We talked with the servants and I did find their situations interesting. All of them as Mawther had said were new hires, all of them were uniformly handsome, muscular and healthy as Mawther, and some of them were quite reticent about their pasts. I found myself asking more questions of them than Holmes, who seemed content enough with a query or two. And he was more interested in the night before and their quite brief acquaintance with His Lordship. He seemed to have met two of them in pubs, and two more he picked up on the streets at night it appeared. I found that more to speak to their own possible culpability, especially when they were silent upon the exact circumstances, but Holmes left it at little more than that.
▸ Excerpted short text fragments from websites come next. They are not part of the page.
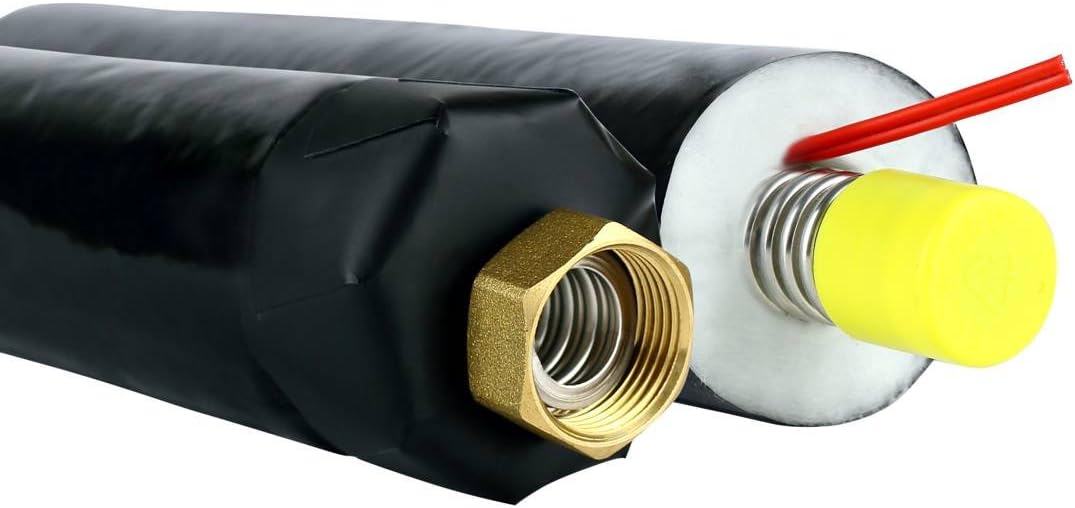 Flachdichtungen DN16 3/4 Zoll - Für Solarrohre & Edelstahl Wellrohre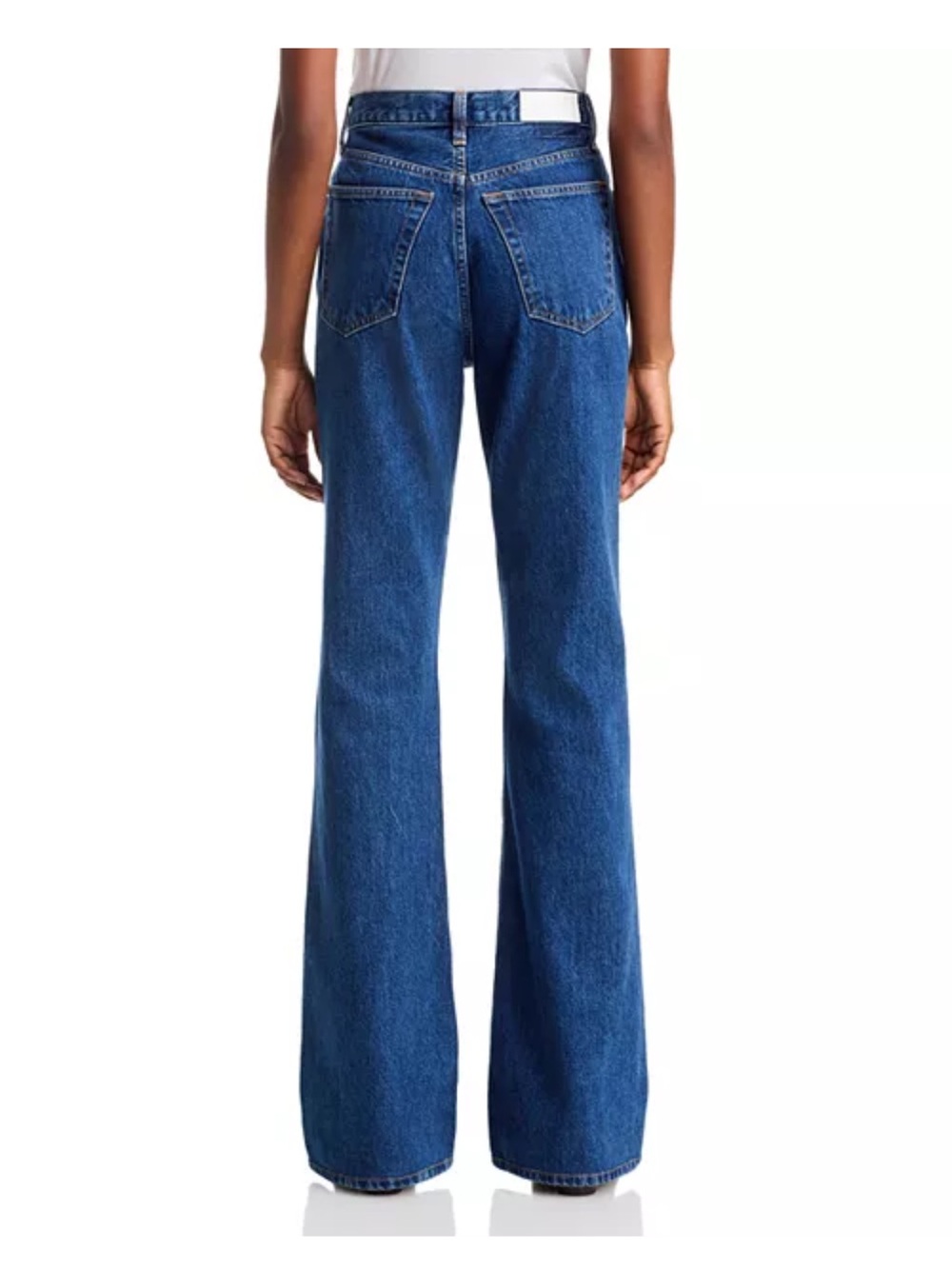 Re/Done Riding High Rise Bootcut Jeans - Faded Rider Size 30 - Picture 3 of 11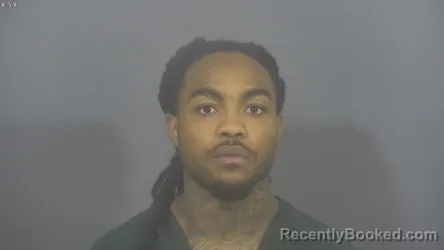 Mugshot of JAWAN ARELL HINES booked in St Joseph County, Indiana on March 26, 2026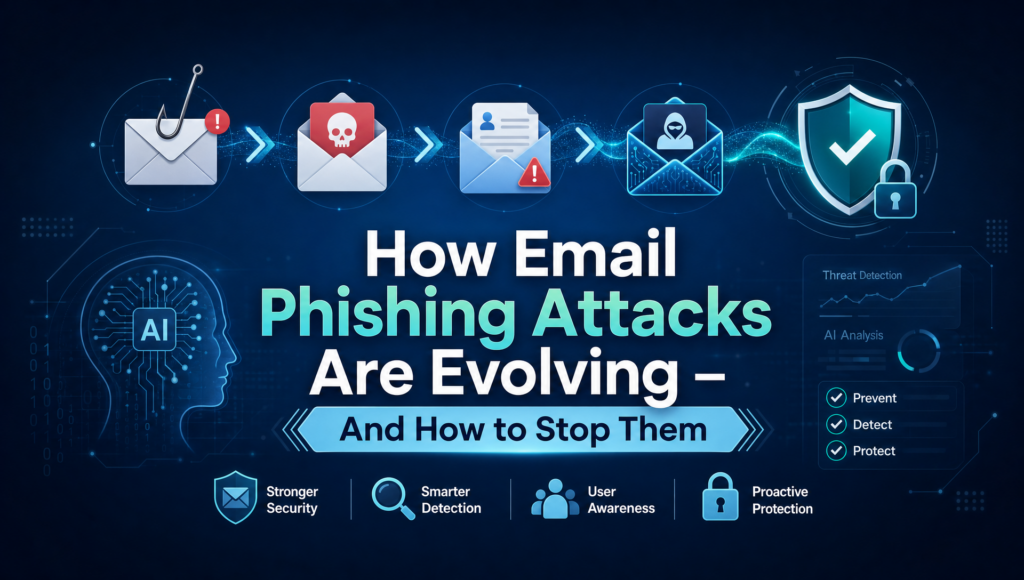 How Email Phishing Attacks Are Evolving – And How to Stop Them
Mawther champed about. "But Holmes, what about the chair?" he asked after a time.
"Yes, the chair." Holmes said. "Still, I did have to rule out all reasonable possibilities, sir, and felt that the people, who are inclined to flee as did your friend, Mr. Douglass, should get priority. Now, though, having decided that none of the regular inhabitants of this house had any hand in Lord Venable's death, we now must examine the location of his demise and see if that leads to any further deductions."
I followed Holmes to the room where Lord Venable had placed the chair.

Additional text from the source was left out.